_What to produce_. Output only the lines from the line holding "Sandal cao gót" through the close of the records, exactly as they appear, with all pictures omitted.

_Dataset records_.

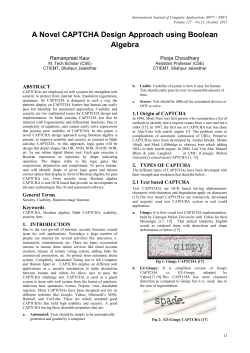 A Novel CAPTCHA Design Approach using Boolean Algebra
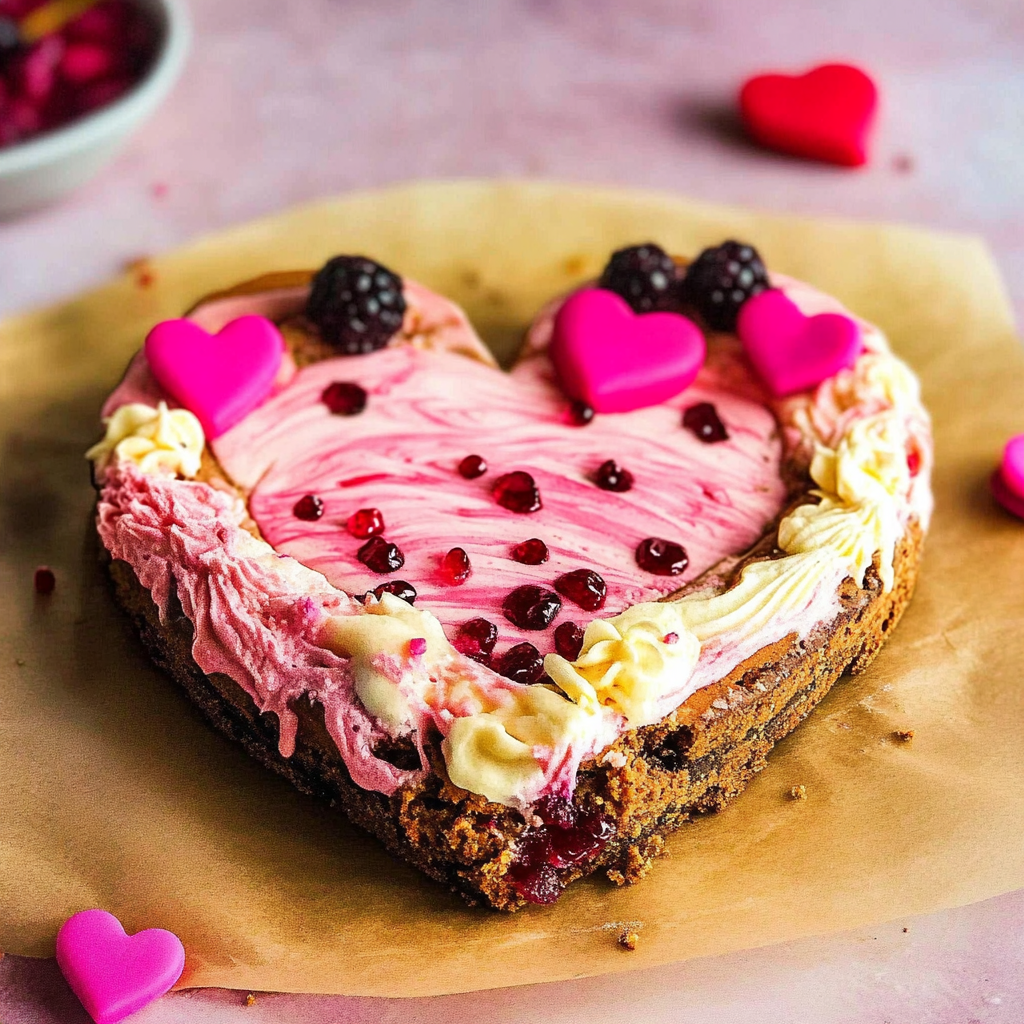 Giant Valentine’s Heart Cookie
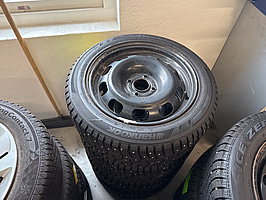Dubbdäck Hankook, 195/55R16, 91T, med stålfälg
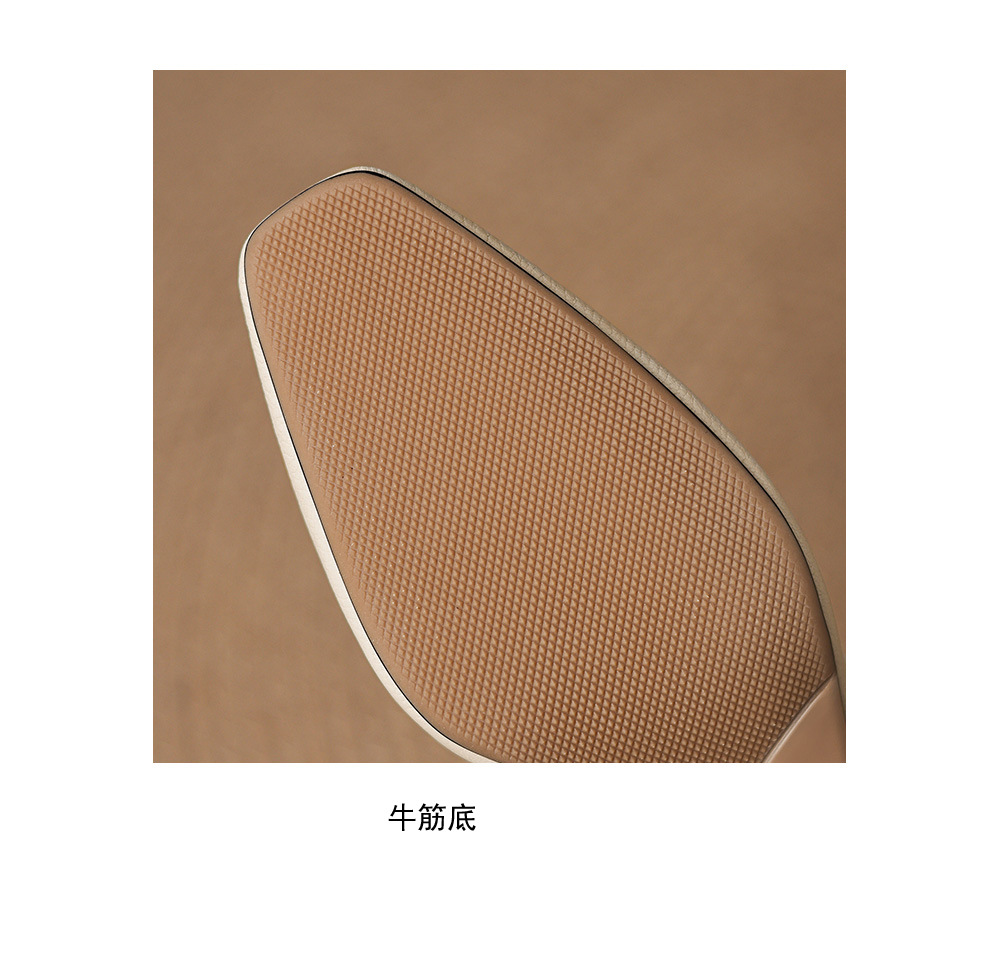 Sandal cao gót nữ mũi nhọn quai ngang kiểu Hàn Quốc — màu trắng ngà chi tiết 19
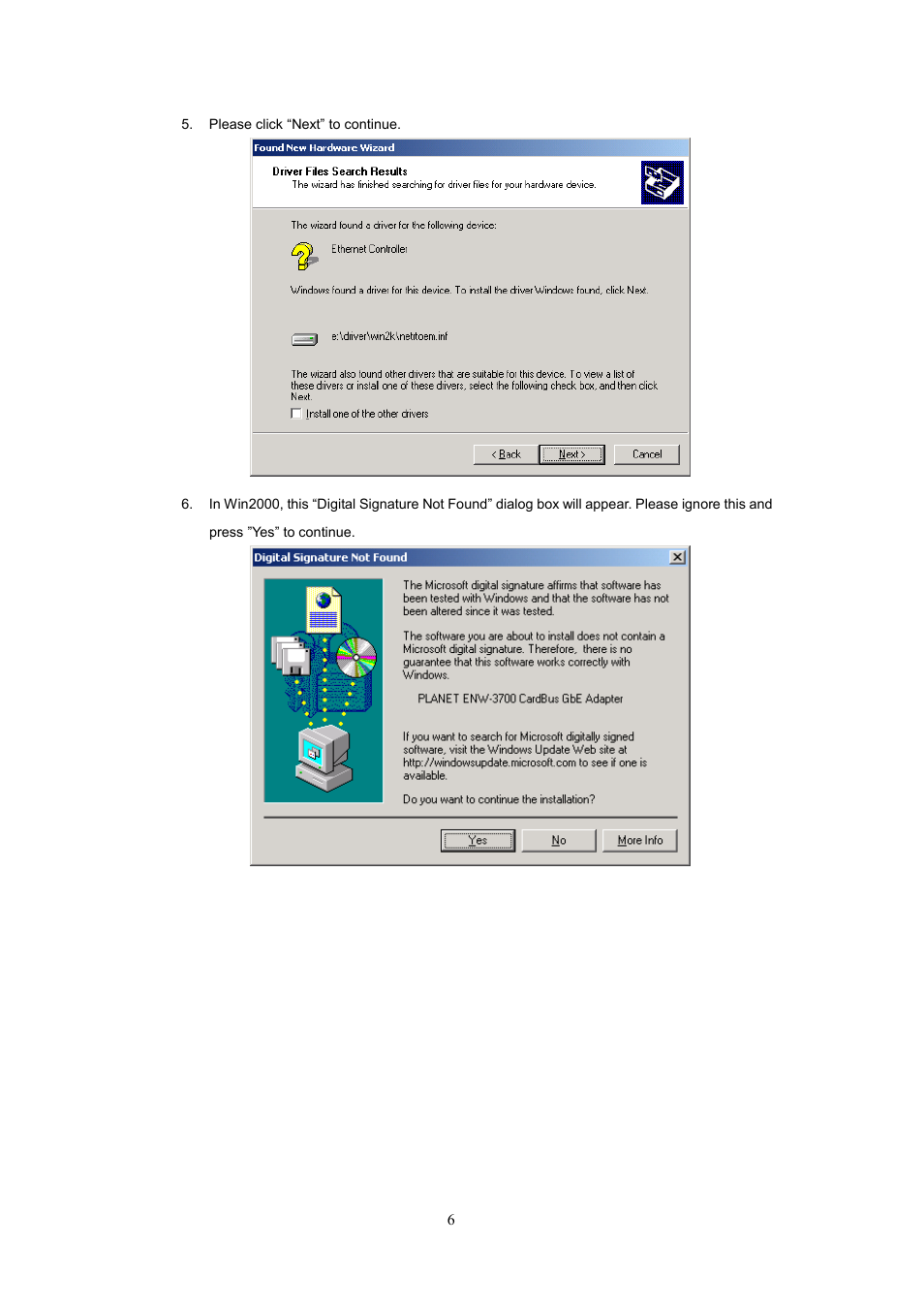 Planet Technology ENW-3700 User Manual | Page 9 / 16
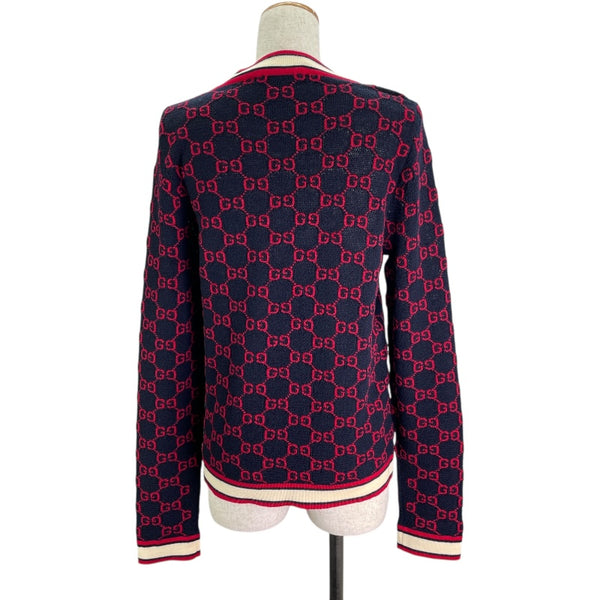 グッチ GUCCI GGジャガードニットセーター 554427 ネイビー ウール レディース セーター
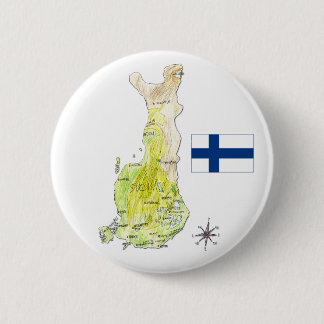 Farbkarte von Finnland Abzeichen-Button-Knopf Button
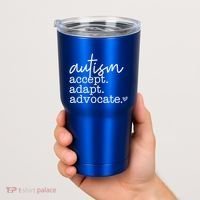 Autism Accept Adapt Advocate Tumbler thumb 2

_Exercise result_.
 Sandal cao gót nữ mũi nhọn quai ngang kiểu Hàn Quốc — màu trắng ngà chi tiết 19
 Planet Technology ENW-3700 User Manual | Page 9 / 16
 グッチ GUCCI GGジャガードニットセーター 554427 ネイビー ウール レディース セーター
 Farbkarte von Finnland Abzeichen-Button-Knopf Button
 Autism Accept Adapt Advocate Tumbler thumb 2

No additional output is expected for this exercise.